» WHAT THE TASK ASKS:
Please transcribe the listing below in full, exactly as written, leaving out its pictures.

» THE DATA:
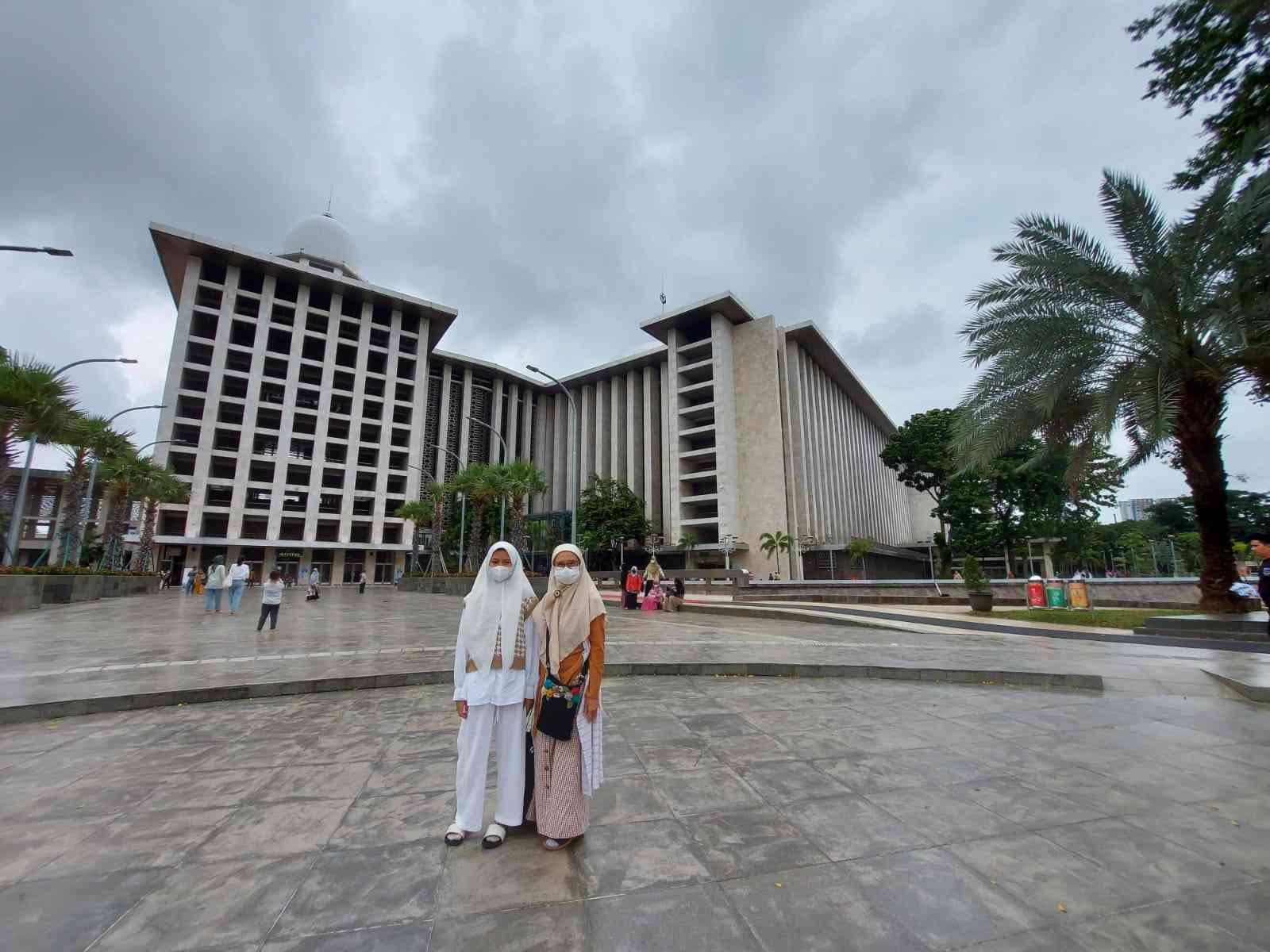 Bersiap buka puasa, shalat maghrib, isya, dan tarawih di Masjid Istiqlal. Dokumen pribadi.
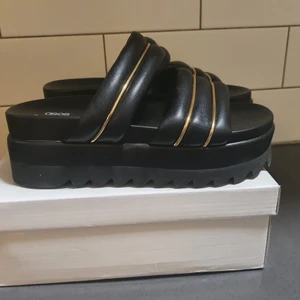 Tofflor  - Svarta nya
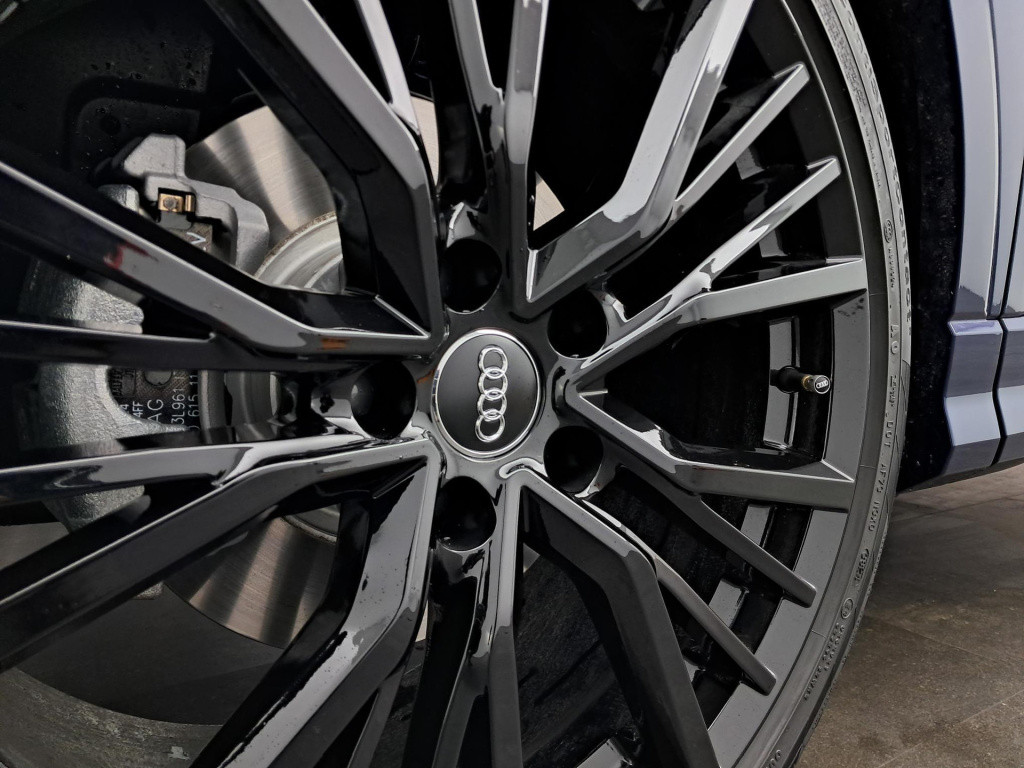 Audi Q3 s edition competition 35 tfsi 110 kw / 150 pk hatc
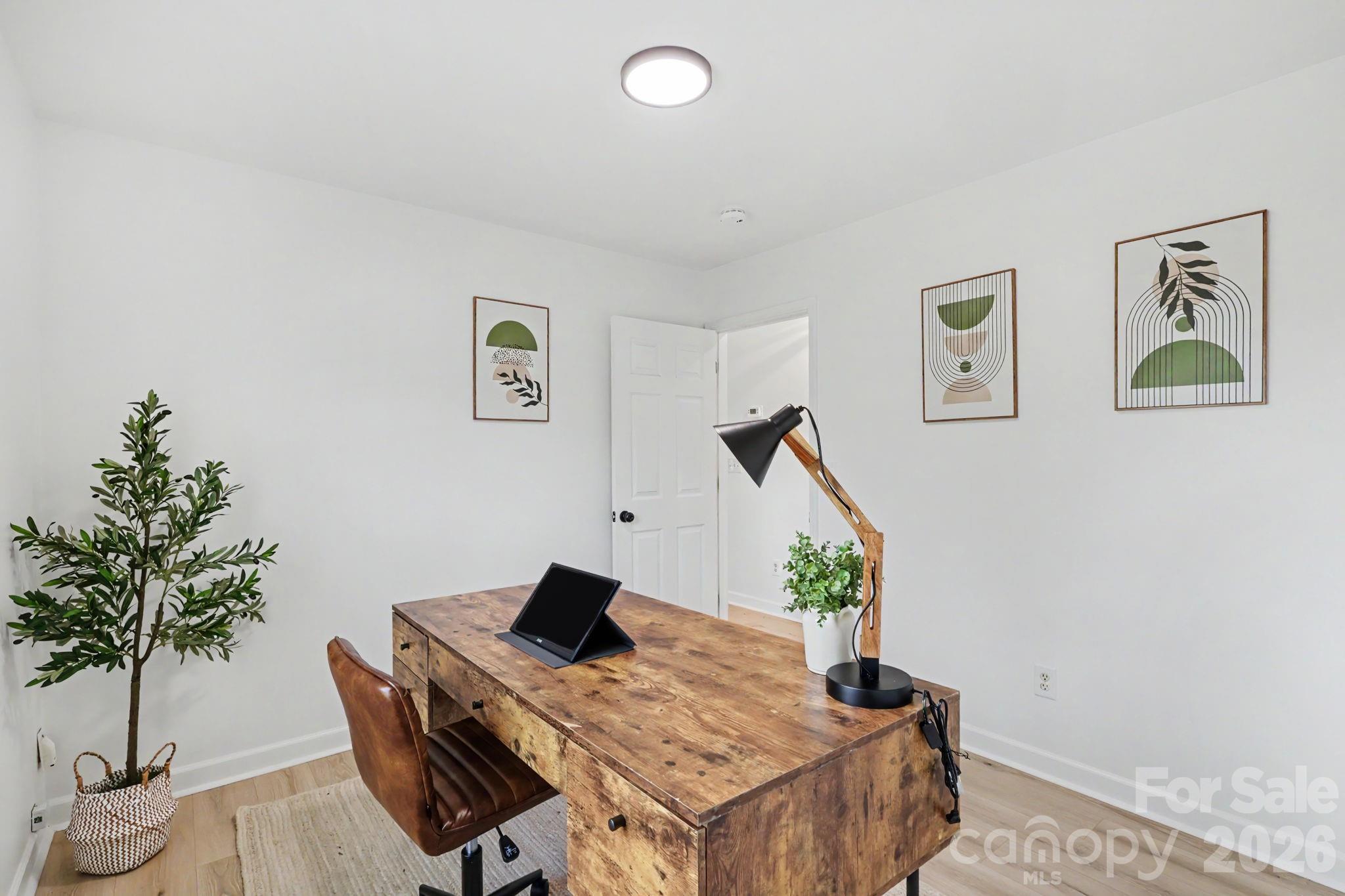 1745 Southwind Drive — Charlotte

» RESPONSE AREA:
 Bersiap buka puasa, shalat maghrib, isya, dan tarawih di Masjid Istiqlal. Dokumen pribadi.
 Tofflor  - Svarta nya
 Audi Q3 s edition competition 35 tfsi 110 kw / 150 pk hatc
 1745 Southwind Drive — Charlotte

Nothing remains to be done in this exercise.